“Don’t believe everything that you think” & 37 other transformative lifehacks

Book Review of Tools of Titans by Tim Ferriss

Jonathan Roseland
14 min readSep 2, 2024

This +700-page, $16 book is a summarization of the +200 interviews that Tim Ferriss has done on his podcast.

In this review, I’m going to do more than just summarize the summarization; I’ve been living a Tim Ferriss kind of lifestyle for well over a decade now and I’m going to add my own edifying experiences and insights to some of the passages of the book.

You may think…

I don’t need to read this book. I’ll just listen to the podcast.

As I discussed in the High Leverage Information Diet, podcasts themselves are a pretty limited medium for learning…

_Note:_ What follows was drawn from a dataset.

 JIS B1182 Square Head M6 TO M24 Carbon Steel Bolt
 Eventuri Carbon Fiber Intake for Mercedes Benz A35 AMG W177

  • With listening to podcasts, your listening comprehension is pretty low because you’re almost always doing something else at the same time (Commuting, working, at the gym, etc). With reading, the only thing you are doing is reading, your attention is not divided. Reading is one of the better ways to absorb knowledge; this is why wealthy, successful people are consistently really well-read.
  • With reading you can meter your absorption of knowledge, speed read sections on stuff you already understand well, or take your time on something new you want to understand.
  • Tim’s interviews are long, often over 2 hours. Some of the interviews are quite technical as well, they’ll spend a lot of time having a granular discussion of weight lifting techniques or risk quantification of startup investment.
  • Also, the podcast has ads and sponsors, which aren’t really annoying but I’d much rather spend $15 on a book than listen to hundreds of advertisements.
  • The book summarizes each interview, so it’s a great companion to the podcast. After reading the book I went and listened to the podcast interviews that I found particularly interesting.

I hope to see more podcasts doing the same thing! In fact, I’m considering doing the same thing myself because I’m aware that few people are going to go through and watch the +600 videos I’ve done and +800 articles. Update: Check out my memoir and lifehacking manifesto, How to Be Cross Eyed…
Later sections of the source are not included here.